▶ _Exercise goal_: Beginning with the line containing "1.02 Carat Pear Natural Diamond" and ending at the last line of the data, set down every line exactly, leaving out all pictures.

▶ _Data shown_:
+ + + + +

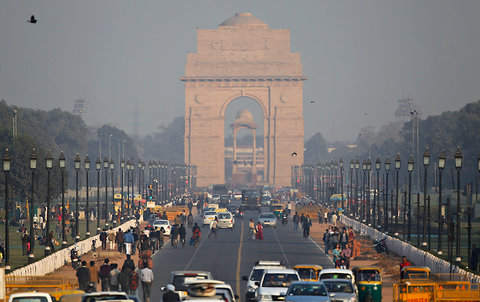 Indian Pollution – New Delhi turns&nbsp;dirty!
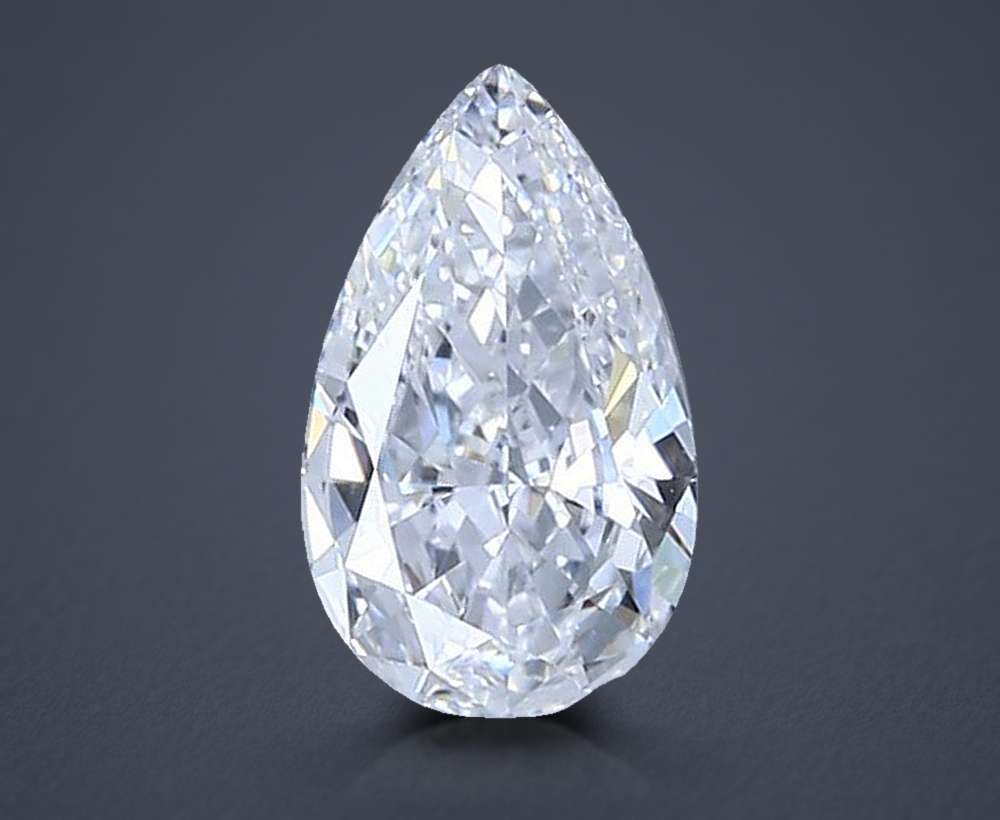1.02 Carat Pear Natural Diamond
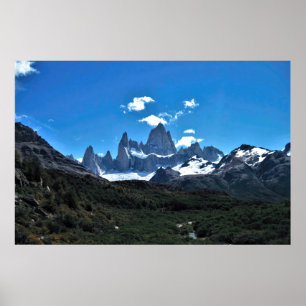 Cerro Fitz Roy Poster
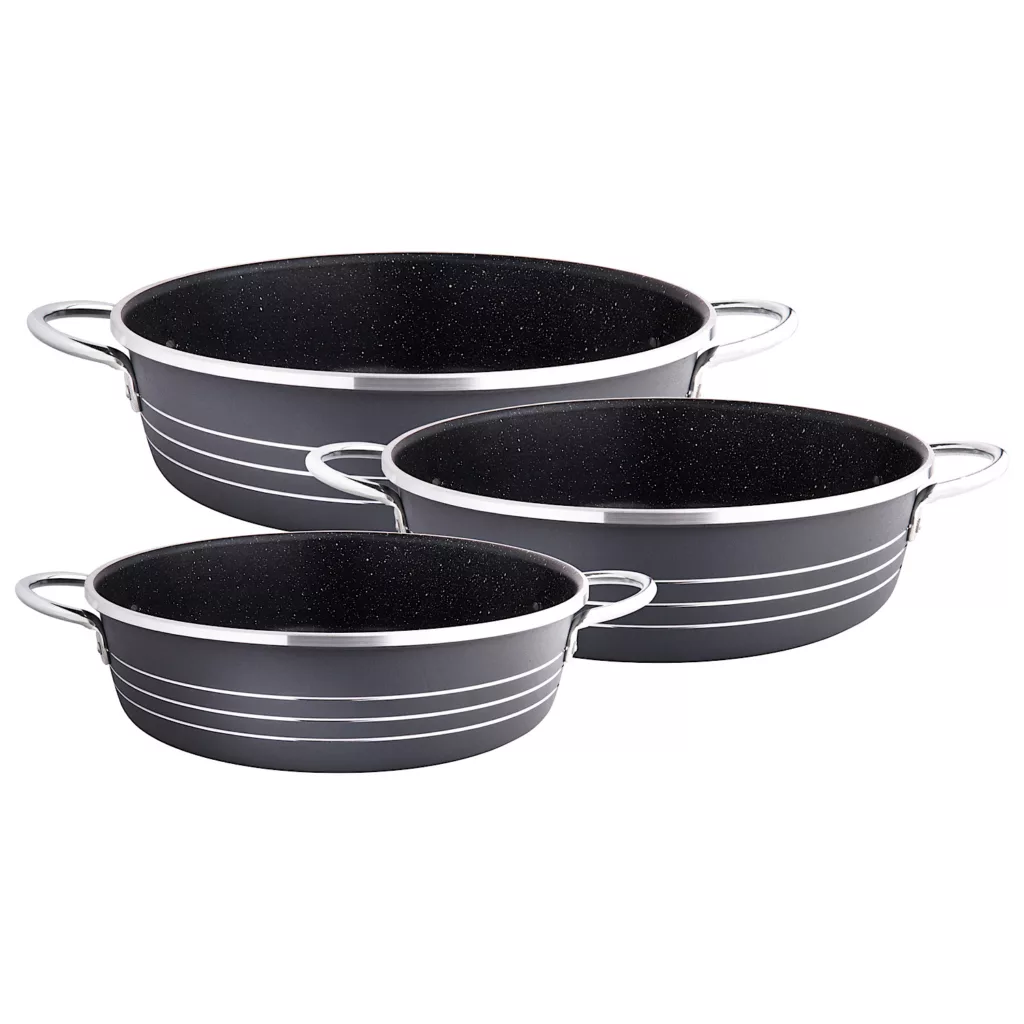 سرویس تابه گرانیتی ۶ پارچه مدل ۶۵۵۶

+ + + + +

▶ _Result below_:
1.02 Carat Pear Natural Diamond
 Cerro Fitz Roy Poster
 سرویس تابه گرانیتی ۶ پارچه مدل ۶۵۵۶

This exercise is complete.